E’ mancata cultura. Ed è per questo che rispondere alla mafia significa studiare una strategia che coinvolga tutte le componenti della società civile. E quindi “occorrono funzionari affidabili e una classe dirigente di grandi capacità”. Come affidabile, paradossalmente, è per esempio la ‘ndrangheta. Organizzazione in forte espansione ovunque.

Dunque secondo Governale ogni sforzo rischia di diventare inutile se non si agisce sul sistema educativo. “Educare alla legalità ma, soprattutto, al vivere civile è fondamentale. La coscienza civile recide le radici della ‘ndrangheta, del malaffare. I ragazzi devono capire che sono cittadini e non sudditi. E in quanto tali rappresentano loro stessi lo Stato e se tu sei un pezzo dello Stato non vai contro te stesso, non vai contro lo Stato ma combatti tutto quello che lo viola o lo compromette”.

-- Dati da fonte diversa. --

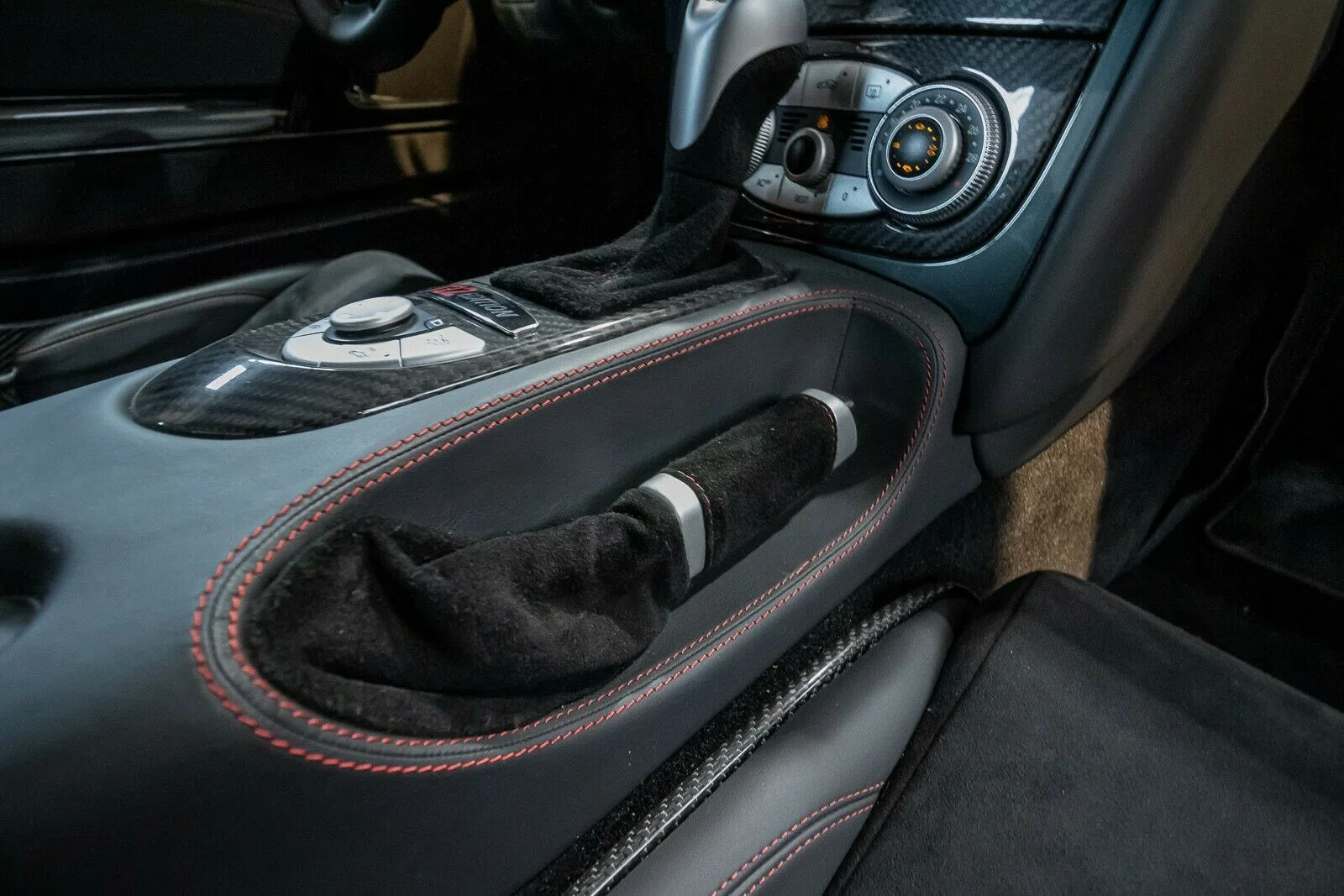 2008 Mercedes-Benz McLaren SLR 722 interior, center console, Black Leather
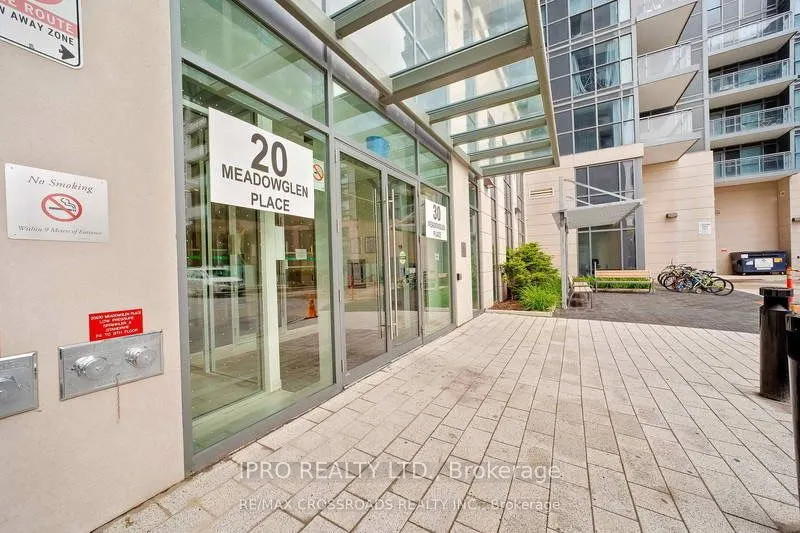 20 Meadowglen Place, #1003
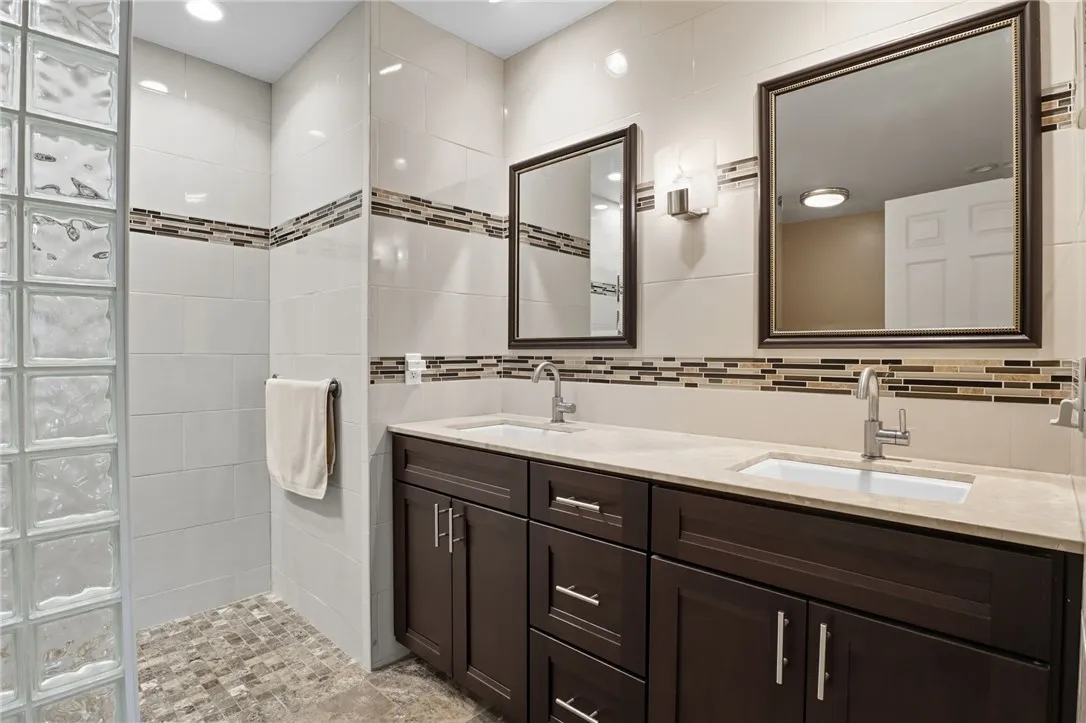 241 Roseland Ln, Canandaigua City, New York 14424, Canandaigua City, New York 14424, 4 Bedrooms Bedrooms, 7 Rooms Rooms,3 BathroomsBathrooms,Residential,Closed,241 Roseland Ln, Canandaigua City, New York 14424,0,R1640502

Per l’alto ufficiale “la ndrangheta è attualmente la più importante organizzazione criminale nel mondo occidentale. È diventata quello che è perché in passato è stata sottovalutata, su di lei anche i mass media hanno sempre parlato poco spegnendo spesso i riflettori. Bene, quel buio ha alimentato i tentacoli di una organizzazione che oggi vanta presenza ovunque soprattutto dove c’è crescita economica. Così oggi si contano 26 strutture di ‘ndrangheta in Lombardia, 16 in Piemonte, 4 in Liguria, 1 finanche in Valle D’Aosta, senza contare l’Emilia Romagna e il nord est”.

Infine l’appello alla classe dirigente, affinchè si orienti all’etica della responsabilità, alla capacità di decidere, alla volontà di abbandonare la “mentalità dello zero a zero”, e cioè la comoda convinzione per cui si possa vincere anche non segnando.